Hosseini-Monfared Pooya, Amiri Shayan, Mirahmadi Alireza, Shahbazi Amirhossein, Alamian Aliasghar, Azizi Mohammad, Kazemi Seyed Morteza
Bone Joint and Related Tissues Research Center, Shahid Beheshti University of Medical Sciences, Tehran, Iran.
Bone and Joint Reconstruction Research Center, Department of Orthopedics, School of Medicine, Iran University of Medical Sciences, Tehran, Iran.
Arch Acad Emerg Med. 2025 Apr 5;13(1):e42. doi: 10.22037/aaemj.v13i1.2580. eCollection 2025.

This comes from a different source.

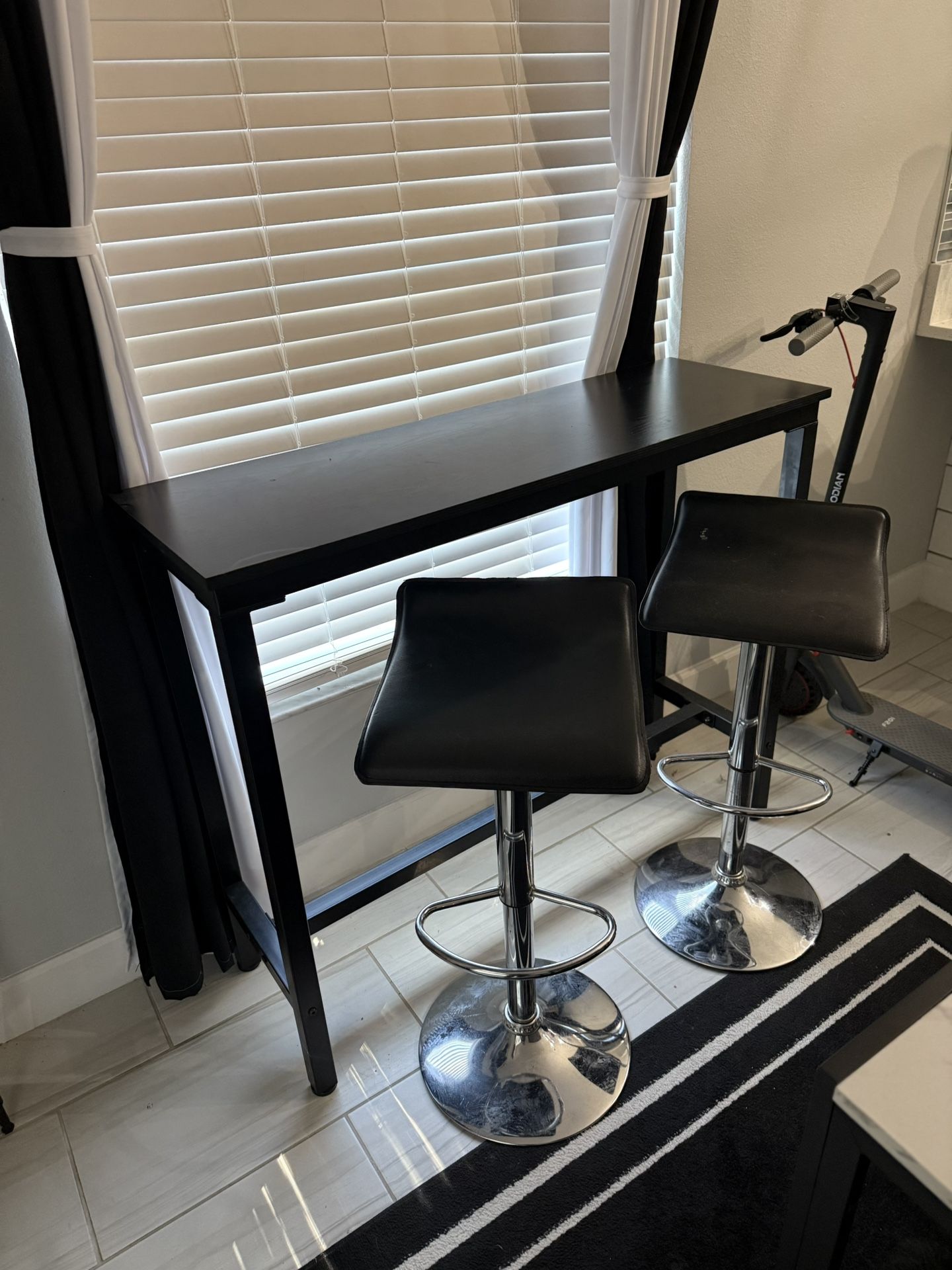 Bar Table W Stool Chairs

INTRODUCTION: ChatGPT, a general-purpose language model, is not specifically optimized for medical applications. This study aimed to assess the performance of ChatGPT-4 and o1-preview in generating differential diagnoses for common cases of ankle pain in emergency settings. METHODS: Common presentations of ankle pain were identified through consultations with an experienced orthopedic surgeon and a review of relevant hospital and social media sources. To replicate typical patient inquiries, questions were crafted in simple, non-technical language, requesting three possible differential diagnoses for each scenario. The second phase involved designing case vignettes reflecting scenarios typical for triage nurses or physicians. Responses from ChatGPT were evaluated against a benchmark established by two experienced orthopedic surgeons, with a scoring system assessing the accuracy, clarity, and relevance of the differential diagnoses based on their order. RESULTS: In 21 ankle pain presentations, ChatGPT-o1 preview outperformed ChatGPT-4 in both accuracy and clarity, with only the clarity score reaching statistical significance (p < 0.001). ChatGPT-o1 preview also had a significantly higher total score (p = 0.004). In 15 case vignettes, ChatGPT-o1 preview scored better on diagnostic and management clarity, though differences in diagnostic accuracy were not statistically significant. Among 51 questions, ChatGPT-4 and ChatGPT-o1 preview produced incorrect responses for 5 (9.8%) and 4 (7.8%) questions, respectively. Inter-rater reliability analysis demonstrated excellent reliability of the scoring system with interclass coefficients of 0.99 (95% CI, 0.998-0.999) for accuracy scores and 0.99 (95% CI, 0.990-0.995) for clarity scores. CONCLUSION: Our findings demonstrated that both ChatGPT-4 and ChatGPT-o1 preview provide acceptable performance in the triage of ankle pain cases in emergency settings. ChatGPT-o1 preview outperformed ChatGPT-4, offering clearer and more precise responses. While both models show potential as supportive tools, their role should remain supervised and strictly supplementary to clinical expertise.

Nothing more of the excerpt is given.